Stored data entries:
::::::
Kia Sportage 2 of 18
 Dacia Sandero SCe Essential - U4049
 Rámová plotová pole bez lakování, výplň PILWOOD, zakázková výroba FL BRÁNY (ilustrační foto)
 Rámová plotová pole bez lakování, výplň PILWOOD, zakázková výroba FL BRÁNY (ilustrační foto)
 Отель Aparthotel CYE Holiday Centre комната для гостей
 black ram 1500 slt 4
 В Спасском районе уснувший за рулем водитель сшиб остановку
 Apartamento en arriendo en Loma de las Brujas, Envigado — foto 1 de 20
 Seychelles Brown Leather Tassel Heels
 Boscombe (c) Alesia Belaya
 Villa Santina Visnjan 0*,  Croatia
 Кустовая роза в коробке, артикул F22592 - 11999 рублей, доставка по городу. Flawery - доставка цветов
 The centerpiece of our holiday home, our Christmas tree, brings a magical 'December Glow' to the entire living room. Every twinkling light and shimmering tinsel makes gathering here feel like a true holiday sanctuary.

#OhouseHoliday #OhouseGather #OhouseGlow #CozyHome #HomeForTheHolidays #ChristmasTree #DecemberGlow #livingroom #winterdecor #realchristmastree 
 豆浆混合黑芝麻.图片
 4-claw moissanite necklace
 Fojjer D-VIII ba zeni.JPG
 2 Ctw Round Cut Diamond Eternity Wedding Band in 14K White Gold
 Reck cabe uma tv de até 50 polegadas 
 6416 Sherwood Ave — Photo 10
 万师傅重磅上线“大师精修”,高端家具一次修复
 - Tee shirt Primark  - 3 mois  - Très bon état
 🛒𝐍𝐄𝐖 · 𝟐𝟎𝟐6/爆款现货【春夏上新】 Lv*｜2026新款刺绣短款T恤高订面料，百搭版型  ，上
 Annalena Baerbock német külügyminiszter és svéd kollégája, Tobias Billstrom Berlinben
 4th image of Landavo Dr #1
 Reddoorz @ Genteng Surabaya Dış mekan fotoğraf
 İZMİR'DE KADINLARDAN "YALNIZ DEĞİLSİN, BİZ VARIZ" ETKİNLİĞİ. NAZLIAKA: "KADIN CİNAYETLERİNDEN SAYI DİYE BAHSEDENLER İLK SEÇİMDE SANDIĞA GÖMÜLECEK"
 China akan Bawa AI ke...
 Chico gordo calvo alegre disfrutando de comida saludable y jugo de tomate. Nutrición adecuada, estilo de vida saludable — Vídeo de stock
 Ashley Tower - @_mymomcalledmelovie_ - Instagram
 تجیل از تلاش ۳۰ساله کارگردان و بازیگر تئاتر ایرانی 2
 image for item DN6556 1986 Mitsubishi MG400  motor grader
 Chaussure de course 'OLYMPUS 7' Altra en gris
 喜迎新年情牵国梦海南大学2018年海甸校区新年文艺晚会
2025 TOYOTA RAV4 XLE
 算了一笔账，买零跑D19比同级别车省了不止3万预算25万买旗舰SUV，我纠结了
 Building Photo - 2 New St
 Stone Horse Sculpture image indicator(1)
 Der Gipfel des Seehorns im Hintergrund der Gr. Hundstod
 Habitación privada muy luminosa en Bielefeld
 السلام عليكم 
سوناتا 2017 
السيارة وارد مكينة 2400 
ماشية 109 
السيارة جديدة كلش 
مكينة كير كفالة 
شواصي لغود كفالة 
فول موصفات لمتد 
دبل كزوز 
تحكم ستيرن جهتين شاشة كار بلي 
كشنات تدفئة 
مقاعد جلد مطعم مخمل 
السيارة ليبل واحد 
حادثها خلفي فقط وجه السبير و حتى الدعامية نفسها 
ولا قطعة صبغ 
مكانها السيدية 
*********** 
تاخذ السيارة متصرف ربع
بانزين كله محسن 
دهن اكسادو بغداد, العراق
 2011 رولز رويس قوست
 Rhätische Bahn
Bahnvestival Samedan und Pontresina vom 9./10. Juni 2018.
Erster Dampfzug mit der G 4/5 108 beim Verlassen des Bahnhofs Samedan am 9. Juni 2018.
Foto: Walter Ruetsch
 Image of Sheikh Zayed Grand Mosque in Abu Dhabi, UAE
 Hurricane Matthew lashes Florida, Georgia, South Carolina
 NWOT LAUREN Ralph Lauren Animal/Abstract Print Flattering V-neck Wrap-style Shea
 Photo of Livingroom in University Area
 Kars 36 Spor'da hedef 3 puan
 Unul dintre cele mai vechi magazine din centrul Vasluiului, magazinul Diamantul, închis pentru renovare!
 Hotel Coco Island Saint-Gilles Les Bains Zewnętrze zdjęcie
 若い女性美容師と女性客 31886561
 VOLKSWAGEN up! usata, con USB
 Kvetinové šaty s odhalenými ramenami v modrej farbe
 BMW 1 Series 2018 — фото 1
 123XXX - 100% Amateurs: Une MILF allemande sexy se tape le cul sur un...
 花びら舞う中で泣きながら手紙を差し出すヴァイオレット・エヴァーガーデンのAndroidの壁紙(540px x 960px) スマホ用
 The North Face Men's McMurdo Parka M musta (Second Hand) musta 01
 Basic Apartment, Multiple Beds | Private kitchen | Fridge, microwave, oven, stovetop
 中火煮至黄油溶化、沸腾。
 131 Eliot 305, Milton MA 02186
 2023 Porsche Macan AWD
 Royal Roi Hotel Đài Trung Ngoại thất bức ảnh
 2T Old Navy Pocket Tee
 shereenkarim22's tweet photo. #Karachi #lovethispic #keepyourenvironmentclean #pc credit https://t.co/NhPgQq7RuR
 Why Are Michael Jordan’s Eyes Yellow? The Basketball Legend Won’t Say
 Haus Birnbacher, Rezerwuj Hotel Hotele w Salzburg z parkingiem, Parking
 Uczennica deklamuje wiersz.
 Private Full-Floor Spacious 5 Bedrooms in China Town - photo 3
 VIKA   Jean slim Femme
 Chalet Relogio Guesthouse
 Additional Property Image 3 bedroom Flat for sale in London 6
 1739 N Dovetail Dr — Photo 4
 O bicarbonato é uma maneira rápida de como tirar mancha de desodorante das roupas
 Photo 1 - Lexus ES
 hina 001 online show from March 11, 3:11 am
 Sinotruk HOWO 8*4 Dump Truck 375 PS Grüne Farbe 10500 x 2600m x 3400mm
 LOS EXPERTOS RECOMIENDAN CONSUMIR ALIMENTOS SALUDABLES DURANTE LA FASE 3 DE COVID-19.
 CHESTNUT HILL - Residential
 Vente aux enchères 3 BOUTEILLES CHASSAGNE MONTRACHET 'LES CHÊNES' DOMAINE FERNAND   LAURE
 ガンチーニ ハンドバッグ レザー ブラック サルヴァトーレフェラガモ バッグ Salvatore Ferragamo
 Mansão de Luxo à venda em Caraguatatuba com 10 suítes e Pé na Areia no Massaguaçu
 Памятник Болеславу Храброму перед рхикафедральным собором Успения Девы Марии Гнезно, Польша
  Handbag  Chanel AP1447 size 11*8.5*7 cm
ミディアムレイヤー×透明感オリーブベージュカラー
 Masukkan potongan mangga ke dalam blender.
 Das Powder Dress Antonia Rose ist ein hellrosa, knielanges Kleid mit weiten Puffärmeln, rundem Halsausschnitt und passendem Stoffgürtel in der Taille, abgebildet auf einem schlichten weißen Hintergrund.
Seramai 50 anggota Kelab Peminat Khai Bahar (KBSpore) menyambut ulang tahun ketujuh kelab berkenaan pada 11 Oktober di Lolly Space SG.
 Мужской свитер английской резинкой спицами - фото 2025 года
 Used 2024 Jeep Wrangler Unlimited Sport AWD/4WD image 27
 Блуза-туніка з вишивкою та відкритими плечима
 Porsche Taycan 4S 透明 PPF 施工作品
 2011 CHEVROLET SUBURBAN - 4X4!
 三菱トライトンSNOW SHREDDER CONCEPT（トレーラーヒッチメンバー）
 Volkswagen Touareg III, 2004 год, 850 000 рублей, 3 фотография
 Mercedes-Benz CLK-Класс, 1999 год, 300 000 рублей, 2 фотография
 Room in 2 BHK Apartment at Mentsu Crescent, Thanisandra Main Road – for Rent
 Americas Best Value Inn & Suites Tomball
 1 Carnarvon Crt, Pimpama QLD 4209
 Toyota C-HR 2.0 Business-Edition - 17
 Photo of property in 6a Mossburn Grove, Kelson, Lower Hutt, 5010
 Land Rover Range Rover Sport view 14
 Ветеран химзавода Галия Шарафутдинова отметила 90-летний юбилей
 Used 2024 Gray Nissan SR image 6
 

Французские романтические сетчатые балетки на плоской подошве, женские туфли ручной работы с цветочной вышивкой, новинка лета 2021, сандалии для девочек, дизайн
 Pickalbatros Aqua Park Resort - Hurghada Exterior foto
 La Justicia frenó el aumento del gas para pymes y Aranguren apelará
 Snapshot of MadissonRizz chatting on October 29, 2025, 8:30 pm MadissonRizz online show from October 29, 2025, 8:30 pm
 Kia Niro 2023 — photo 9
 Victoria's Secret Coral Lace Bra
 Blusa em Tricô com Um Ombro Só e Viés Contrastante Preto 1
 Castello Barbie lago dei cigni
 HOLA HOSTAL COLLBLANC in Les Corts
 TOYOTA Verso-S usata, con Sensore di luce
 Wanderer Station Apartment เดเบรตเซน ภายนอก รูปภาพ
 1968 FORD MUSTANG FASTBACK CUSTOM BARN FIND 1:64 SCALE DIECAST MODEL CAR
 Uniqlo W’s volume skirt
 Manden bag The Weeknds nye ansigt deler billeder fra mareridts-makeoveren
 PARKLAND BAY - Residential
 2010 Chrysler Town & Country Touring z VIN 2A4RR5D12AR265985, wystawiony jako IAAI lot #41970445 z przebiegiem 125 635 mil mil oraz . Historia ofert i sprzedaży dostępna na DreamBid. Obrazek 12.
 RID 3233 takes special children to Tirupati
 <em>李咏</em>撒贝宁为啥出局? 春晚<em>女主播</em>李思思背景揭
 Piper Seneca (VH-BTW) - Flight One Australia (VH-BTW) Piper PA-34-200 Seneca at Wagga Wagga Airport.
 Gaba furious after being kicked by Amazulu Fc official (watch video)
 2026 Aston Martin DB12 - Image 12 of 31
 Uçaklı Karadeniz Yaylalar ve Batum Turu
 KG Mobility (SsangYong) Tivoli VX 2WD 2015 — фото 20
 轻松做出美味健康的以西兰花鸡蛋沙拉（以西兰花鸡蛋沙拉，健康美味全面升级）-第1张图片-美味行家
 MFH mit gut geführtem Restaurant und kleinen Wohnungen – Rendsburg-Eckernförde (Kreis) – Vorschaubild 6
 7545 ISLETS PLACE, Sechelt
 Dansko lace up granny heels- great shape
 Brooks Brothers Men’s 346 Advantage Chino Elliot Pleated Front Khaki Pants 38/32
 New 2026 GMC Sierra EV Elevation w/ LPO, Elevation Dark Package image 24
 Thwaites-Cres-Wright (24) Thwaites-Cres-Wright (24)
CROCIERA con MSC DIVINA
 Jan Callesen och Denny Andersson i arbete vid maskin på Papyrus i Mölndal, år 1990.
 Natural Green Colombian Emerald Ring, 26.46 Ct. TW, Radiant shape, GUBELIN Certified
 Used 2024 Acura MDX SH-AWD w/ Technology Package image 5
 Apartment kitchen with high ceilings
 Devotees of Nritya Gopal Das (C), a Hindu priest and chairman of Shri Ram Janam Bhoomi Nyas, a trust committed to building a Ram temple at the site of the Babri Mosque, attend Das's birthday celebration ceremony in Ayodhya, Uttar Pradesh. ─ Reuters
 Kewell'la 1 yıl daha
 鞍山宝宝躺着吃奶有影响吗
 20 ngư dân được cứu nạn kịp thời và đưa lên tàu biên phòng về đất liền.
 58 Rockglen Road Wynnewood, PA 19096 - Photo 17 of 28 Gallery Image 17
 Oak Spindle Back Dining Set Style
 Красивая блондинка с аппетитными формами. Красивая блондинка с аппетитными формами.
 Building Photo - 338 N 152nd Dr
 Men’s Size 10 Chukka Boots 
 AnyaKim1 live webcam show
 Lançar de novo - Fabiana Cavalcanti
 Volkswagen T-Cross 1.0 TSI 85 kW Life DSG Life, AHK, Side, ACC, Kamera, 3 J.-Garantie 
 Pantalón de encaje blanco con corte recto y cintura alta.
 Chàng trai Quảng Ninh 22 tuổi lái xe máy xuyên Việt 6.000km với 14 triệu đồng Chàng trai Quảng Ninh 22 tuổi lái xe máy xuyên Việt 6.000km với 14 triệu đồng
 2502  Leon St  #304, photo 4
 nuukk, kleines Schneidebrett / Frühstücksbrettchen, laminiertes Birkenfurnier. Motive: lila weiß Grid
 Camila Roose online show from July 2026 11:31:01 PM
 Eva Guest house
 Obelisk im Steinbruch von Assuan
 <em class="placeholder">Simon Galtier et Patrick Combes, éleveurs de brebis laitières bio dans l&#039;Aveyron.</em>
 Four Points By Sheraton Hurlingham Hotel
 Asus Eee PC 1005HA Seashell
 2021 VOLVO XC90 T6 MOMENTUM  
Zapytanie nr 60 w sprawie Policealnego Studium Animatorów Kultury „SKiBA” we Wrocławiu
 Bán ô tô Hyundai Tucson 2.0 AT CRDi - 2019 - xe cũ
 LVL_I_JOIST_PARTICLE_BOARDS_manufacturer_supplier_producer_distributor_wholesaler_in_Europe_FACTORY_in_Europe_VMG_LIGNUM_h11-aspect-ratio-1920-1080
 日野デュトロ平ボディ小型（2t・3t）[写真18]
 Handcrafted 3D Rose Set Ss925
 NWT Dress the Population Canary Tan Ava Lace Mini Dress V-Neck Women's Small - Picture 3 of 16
::::::
* _Exercise details_: Reproduce the lines of the entries above from the one with "La Justicia frenó" to the one with "Brooks Brothers Men’s", both included, exactly and without any other line.

* _Written reply_:
 La Justicia frenó el aumento del gas para pymes y Aranguren apelará
 Snapshot of MadissonRizz chatting on October 29, 2025, 8:30 pm MadissonRizz online show from October 29, 2025, 8:30 pm
 Kia Niro 2023 — photo 9
 Victoria's Secret Coral Lace Bra
 Blusa em Tricô com Um Ombro Só e Viés Contrastante Preto 1
 Castello Barbie lago dei cigni
 HOLA HOSTAL COLLBLANC in Les Corts
 TOYOTA Verso-S usata, con Sensore di luce
 Wanderer Station Apartment เดเบรตเซน ภายนอก รูปภาพ
 1968 FORD MUSTANG FASTBACK CUSTOM BARN FIND 1:64 SCALE DIECAST MODEL CAR
 Uniqlo W’s volume skirt
 Manden bag The Weeknds nye ansigt deler billeder fra mareridts-makeoveren
 PARKLAND BAY - Residential
 2010 Chrysler Town & Country Touring z VIN 2A4RR5D12AR265985, wystawiony jako IAAI lot #41970445 z przebiegiem 125 635 mil mil oraz . Historia ofert i sprzedaży dostępna na DreamBid. Obrazek 12.
 RID 3233 takes special children to Tirupati
 <em>李咏</em>撒贝宁为啥出局? 春晚<em>女主播</em>李思思背景揭
 Piper Seneca (VH-BTW) - Flight One Australia (VH-BTW) Piper PA-34-200 Seneca at Wagga Wagga Airport.
 Gaba furious after being kicked by Amazulu Fc official (watch video)
 2026 Aston Martin DB12 - Image 12 of 31
 Uçaklı Karadeniz Yaylalar ve Batum Turu
 KG Mobility (SsangYong) Tivoli VX 2WD 2015 — фото 20
 轻松做出美味健康的以西兰花鸡蛋沙拉（以西兰花鸡蛋沙拉，健康美味全面升级）-第1张图片-美味行家
 MFH mit gut geführtem Restaurant und kleinen Wohnungen – Rendsburg-Eckernförde (Kreis) – Vorschaubild 6
 7545 ISLETS PLACE, Sechelt
 Dansko lace up granny heels- great shape
 Brooks Brothers Men’s 346 Advantage Chino Elliot Pleated Front Khaki Pants 38/32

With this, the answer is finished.